Where did all the real western cowgirls go? They ditched the skirts and became everyday legends

The term “cowgirls” has special meaning in Laramie, where it refers to the UW women’s athletic teams. Appropriately enough, the earliest cowgirls of renown were female athletes too, the trick riders and shooters of the Wild West shows.

The first use of the word “cowgirl,” however, referred to girls who did what was considered to be men’s work on western ranches. In 1885, the Cheyenne Democratic Leader newspaper referred to a “beautiful cowgirl” from Nebraska who was a wonder to behold doing work on the range. Of course she was beautiful, that was part of the myth.


That was the first reference I found for use of the word in a Wyoming newspaper. But the next year the Lusk Herald remarked about a certain Montana girl who actually sat “hair-pin fashion” on a cow pony to cut out cattle. Evidently it wouldn’t do to say she sat astride the horse like a man.

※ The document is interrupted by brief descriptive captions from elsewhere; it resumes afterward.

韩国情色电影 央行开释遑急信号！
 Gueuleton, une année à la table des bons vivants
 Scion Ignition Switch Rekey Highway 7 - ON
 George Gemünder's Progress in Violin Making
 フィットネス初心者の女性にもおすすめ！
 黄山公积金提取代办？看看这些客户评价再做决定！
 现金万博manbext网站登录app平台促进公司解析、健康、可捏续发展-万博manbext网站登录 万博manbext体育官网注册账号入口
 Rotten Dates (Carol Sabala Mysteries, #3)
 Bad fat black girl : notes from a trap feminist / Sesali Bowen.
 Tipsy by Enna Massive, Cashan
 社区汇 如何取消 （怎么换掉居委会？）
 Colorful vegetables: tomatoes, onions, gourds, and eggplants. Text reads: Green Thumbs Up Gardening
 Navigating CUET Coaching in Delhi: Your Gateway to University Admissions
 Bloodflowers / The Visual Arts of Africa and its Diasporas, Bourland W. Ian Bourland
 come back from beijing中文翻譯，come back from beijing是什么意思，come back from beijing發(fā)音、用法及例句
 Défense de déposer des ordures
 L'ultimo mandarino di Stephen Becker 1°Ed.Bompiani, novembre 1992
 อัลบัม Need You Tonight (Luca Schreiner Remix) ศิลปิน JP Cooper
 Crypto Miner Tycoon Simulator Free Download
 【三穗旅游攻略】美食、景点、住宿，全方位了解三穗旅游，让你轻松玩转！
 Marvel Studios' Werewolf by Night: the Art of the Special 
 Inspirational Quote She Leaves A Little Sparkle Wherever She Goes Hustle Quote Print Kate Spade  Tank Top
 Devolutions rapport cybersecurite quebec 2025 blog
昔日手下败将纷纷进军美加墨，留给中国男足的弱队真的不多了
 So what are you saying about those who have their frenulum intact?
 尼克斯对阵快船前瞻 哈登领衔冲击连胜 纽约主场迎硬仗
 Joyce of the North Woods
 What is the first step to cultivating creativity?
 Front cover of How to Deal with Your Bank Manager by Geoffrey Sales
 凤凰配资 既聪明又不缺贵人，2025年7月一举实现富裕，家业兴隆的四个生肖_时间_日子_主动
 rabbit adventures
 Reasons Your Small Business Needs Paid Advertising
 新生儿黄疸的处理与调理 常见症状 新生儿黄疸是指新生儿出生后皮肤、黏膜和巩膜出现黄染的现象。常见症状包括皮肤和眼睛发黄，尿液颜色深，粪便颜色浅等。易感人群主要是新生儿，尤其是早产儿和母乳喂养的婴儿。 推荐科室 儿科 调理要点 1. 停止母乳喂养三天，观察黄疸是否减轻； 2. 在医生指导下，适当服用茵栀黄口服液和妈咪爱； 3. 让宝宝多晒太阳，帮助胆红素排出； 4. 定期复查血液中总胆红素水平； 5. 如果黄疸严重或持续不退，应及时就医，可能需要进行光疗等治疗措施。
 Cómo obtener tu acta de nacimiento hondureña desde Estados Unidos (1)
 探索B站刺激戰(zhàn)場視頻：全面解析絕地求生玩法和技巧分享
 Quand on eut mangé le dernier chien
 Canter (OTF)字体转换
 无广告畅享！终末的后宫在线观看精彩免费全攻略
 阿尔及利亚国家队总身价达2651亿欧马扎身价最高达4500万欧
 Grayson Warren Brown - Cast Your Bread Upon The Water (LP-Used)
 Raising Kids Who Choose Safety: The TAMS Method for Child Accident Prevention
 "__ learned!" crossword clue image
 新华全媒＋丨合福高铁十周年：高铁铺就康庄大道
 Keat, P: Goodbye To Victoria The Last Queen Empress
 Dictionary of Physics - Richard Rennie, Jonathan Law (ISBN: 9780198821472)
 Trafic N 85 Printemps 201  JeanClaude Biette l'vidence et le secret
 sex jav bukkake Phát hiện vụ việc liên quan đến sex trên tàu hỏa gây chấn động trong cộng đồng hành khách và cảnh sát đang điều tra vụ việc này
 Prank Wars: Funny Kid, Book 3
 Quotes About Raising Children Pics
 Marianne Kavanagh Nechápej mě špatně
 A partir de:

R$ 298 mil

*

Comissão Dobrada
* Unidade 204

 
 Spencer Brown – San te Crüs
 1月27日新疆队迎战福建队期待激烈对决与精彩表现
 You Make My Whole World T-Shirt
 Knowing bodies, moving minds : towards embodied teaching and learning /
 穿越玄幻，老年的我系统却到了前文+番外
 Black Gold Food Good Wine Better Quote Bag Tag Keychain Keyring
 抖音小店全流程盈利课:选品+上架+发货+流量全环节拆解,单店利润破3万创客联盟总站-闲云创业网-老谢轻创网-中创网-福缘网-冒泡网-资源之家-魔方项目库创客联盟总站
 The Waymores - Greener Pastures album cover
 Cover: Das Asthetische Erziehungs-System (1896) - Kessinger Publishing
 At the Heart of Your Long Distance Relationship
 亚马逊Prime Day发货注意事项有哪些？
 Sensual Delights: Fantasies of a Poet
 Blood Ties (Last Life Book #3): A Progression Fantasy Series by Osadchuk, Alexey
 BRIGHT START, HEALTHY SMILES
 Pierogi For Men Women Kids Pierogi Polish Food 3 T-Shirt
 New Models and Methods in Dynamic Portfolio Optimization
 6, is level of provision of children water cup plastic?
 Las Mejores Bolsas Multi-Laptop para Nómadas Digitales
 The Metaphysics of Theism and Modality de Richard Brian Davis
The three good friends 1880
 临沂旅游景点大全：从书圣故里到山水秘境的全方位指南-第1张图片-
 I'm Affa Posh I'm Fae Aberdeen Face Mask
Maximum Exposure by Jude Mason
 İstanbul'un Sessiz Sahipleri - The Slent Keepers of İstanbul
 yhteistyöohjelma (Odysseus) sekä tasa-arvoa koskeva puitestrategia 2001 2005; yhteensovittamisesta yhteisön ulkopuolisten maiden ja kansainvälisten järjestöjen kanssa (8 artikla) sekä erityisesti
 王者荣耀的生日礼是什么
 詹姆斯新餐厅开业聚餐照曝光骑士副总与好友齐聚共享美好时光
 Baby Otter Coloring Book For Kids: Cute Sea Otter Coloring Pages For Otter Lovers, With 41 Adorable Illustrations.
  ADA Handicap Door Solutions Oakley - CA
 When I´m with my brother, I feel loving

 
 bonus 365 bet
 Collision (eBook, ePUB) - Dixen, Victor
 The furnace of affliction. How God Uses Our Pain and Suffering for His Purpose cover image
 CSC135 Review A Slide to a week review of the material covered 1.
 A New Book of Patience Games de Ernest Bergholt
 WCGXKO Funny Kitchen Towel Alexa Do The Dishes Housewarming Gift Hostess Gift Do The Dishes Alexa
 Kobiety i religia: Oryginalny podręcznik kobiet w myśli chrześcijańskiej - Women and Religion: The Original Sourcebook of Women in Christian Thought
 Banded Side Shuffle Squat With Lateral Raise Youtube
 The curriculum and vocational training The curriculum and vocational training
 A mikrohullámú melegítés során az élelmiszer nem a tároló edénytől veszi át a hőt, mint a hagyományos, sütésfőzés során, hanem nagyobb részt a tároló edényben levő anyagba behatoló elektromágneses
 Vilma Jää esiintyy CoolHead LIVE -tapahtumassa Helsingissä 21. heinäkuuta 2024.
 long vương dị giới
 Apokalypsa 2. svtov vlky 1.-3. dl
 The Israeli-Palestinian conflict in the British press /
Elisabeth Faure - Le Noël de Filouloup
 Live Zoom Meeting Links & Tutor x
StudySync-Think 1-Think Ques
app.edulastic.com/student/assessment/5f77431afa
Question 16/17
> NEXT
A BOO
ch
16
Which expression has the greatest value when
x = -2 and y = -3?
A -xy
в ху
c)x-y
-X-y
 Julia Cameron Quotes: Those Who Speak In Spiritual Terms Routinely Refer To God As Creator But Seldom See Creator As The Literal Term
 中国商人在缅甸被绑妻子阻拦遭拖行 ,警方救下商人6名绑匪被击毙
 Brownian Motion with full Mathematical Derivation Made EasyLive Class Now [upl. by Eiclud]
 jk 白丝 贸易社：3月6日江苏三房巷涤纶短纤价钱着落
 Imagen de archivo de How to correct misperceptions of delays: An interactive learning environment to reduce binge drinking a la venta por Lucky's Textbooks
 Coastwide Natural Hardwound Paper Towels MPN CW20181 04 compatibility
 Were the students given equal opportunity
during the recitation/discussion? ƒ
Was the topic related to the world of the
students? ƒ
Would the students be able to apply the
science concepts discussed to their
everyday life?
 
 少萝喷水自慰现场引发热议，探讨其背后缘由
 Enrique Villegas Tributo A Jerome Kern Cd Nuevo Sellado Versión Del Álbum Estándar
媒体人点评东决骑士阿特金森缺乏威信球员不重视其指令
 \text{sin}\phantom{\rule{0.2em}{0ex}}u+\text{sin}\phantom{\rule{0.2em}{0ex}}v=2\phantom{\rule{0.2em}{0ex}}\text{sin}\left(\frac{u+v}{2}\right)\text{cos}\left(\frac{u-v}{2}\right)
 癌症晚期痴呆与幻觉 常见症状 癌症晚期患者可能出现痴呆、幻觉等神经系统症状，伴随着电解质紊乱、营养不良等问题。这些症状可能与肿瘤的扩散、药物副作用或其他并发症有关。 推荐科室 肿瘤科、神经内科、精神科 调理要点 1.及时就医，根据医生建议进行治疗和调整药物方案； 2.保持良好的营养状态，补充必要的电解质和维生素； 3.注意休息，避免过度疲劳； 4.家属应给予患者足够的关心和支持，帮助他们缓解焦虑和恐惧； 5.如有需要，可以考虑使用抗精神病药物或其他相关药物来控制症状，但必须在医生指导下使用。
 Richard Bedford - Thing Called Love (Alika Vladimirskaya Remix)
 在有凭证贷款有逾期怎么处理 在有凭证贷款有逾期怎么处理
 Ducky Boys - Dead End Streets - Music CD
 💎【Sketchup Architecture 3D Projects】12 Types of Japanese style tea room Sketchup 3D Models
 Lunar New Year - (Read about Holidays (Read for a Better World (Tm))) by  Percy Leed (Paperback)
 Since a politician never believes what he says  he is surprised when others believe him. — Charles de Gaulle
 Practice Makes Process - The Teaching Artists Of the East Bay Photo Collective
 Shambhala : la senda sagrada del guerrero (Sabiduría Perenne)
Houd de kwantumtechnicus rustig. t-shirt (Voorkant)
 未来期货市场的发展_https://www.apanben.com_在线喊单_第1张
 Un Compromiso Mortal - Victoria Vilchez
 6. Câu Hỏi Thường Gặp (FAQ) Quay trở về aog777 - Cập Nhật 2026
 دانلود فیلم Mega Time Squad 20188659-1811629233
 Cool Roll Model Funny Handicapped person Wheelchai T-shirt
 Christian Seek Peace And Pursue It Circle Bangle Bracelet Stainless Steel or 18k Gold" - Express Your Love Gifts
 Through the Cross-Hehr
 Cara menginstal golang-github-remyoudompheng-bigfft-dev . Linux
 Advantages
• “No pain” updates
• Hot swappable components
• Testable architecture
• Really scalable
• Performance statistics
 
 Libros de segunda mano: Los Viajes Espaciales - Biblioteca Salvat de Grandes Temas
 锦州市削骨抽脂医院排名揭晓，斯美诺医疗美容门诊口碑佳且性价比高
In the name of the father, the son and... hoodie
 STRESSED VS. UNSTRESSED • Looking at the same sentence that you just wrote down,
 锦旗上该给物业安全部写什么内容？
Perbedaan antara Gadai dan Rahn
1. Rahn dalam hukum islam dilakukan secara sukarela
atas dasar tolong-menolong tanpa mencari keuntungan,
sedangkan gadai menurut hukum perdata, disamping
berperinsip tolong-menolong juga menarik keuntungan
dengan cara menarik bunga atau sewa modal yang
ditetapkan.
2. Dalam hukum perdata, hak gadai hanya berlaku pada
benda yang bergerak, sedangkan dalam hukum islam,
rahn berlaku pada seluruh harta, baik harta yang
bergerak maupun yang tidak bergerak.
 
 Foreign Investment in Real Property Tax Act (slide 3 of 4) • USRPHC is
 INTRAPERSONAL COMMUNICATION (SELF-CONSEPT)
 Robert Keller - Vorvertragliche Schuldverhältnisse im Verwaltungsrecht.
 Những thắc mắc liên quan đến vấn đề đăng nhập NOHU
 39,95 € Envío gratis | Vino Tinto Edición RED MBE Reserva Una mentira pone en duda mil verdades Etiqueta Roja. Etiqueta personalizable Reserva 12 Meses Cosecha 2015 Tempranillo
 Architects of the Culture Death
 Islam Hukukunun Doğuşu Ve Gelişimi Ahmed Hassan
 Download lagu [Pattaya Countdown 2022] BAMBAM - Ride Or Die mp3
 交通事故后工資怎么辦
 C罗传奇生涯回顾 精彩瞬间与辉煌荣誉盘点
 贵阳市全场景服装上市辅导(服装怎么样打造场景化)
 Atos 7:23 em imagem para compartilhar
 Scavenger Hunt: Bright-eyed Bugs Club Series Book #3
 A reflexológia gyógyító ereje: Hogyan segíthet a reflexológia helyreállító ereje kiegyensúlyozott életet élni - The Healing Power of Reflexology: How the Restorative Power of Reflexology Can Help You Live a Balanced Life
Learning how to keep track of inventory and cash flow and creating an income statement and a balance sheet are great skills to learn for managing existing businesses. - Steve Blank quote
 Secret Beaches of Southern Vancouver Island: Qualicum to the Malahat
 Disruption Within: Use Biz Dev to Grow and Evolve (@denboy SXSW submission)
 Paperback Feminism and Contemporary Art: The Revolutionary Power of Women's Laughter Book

These girls could have been labeled as “tomboys.” However, Elizabeth King, writing in The Atlantic magazine in 2017, points out that today “tomboy” can be a sexist, racist and gender-bending term and it is “fair to wonder whether adults should refer to nontraditional girls as ‘tomboys’.” There is no such confusion with the word cowgirls. They are girls.


A problem: skirts


According to Wyoming writer Teresa Jordan, in her 1962 book “Cowgirls, Women of the West,” the first western women were portrayed as a “prairie Madonna, with long calico skirts and a babe in each arm.” This mythical ranch woman might have tended a garden along with all the household and child-rearing chores, but the men did the real ranch work. Zane Gray and other writers of western fiction sometimes perpetuated this myth, as did myriads of western movies. Frontier women could be schoolteachers or ranch wives, but cowgirls were a highly unusual plot twist.